Figure 7: Trace of legitimate traffic with a STUN server

According to our data, the number of requests that were attempting to leverage the STUN service for amplification is much smaller than for other services. Nonetheless, this example illustrates how, as we protect well known services from being used for DDoS attacks, hackers keep on finding new ways of achieving their goals.

Amplification ratios suggest security improvements over time

As we have seen, well-known techniques (such as Chargen floods) as well as new ones (such as STUN-based amplification) are being used by malicious actors worldwide to orchestrate amplified DDoS attacks. In our research, we have found many examples of this behavior and what impact different services can have.

Figure 7 shows a quick glance of the amplification ratio of different services. This indicator is used to illustrate how different services can have a very different impact in the traffic throughput and shown in comparison with previous research.
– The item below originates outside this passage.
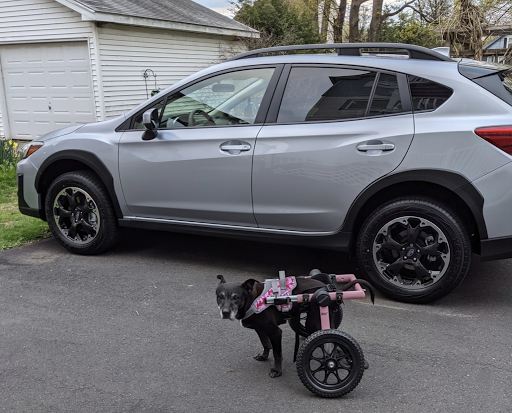 Subaru Dealer «Schaller Subaru», reviews and photos, 34 Frontage Rd, Berlin, CT 06037, USA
Encouragingly the ratios are decreasing over time. More systems are being properly protected, most notably in the case of Simple Network Management Protocol (SNMP). Although the average presented in Figure 8 shows how SNMP amplification ratio has decreased to 6.57:1 average ratio, much variance remains. Our research found several servers that returned an amplification ratio over 18:1. This shows that while many servers are being correctly configured and protected, more work needs to be done. 
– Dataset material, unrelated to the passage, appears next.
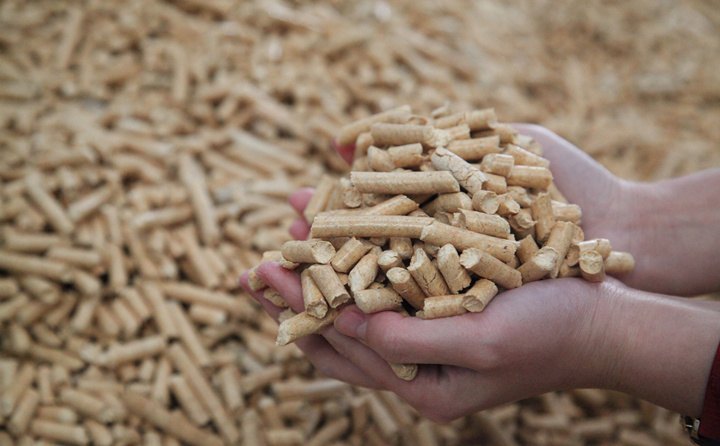 木材邊角料和秸稈可別扔了，用生物質午夜美女福利视频加工，可以變成顆粒燃料，可以賣也可以自己用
Figure 8: Average request amplification ratio estimates by port/service

These are only some examples of amplification we have observed in the wild, but they are far from being the only ones. In large scale attacks, hackers usually find sources of amplification in a large variety of UDP services, often leveraging several different types at the same type to generate massive amounts of traffic.

Conclusion

The goal of DDoS attacks is always to disrupt a service, knocking it offline, usually causing financial loss and negative public attention for the targeted organization. In this blogpost, we focused on DDoS attacks in which there are two victims: the primary target itself and the secondary target whose assets are leveraged to generate the bandwidth to carry out the attack.  This means that those intermediate nodes of the secondary target will also suffer high expenses in bandwidth usage, degradation of their network equipment and even outages of their own services.
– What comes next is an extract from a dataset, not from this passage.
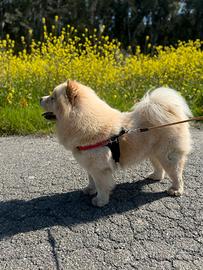 Chow chow maschio disponibile per monta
It would be in the best interest of an organization to avoid exposing services that could be leveraged for these DDoS activities even when they are not the target of the attack. To do so, some common best practices include:

  • Using TCP when possible: Simply avoiding the usage of UDP connections would prevent reflected requests, in which the response to a request is directed to a host different than the real origin through IP spoofing, and remove the risk of DDoS amplification
  • Setting up allowed IP lists with traffic quotas: Limiting the number of IPs that can request the service to a known group that is expected to do so would prevent traffic to be directed to DDoS victims. By limiting the rate at which an IP can interact with a service, it will also prevent abuse of the service by these allowed IPs.
  • Fixing misconfigurations and testing your services: Many of the services enabling amplification are working as expected but configured in an insecure way. For instance, we saw how the SSDP protocol is used by IoT devices and how it can be leveraged for amplification. Making these devices reachable only from an internal network and not from the Internet would avoid these issues.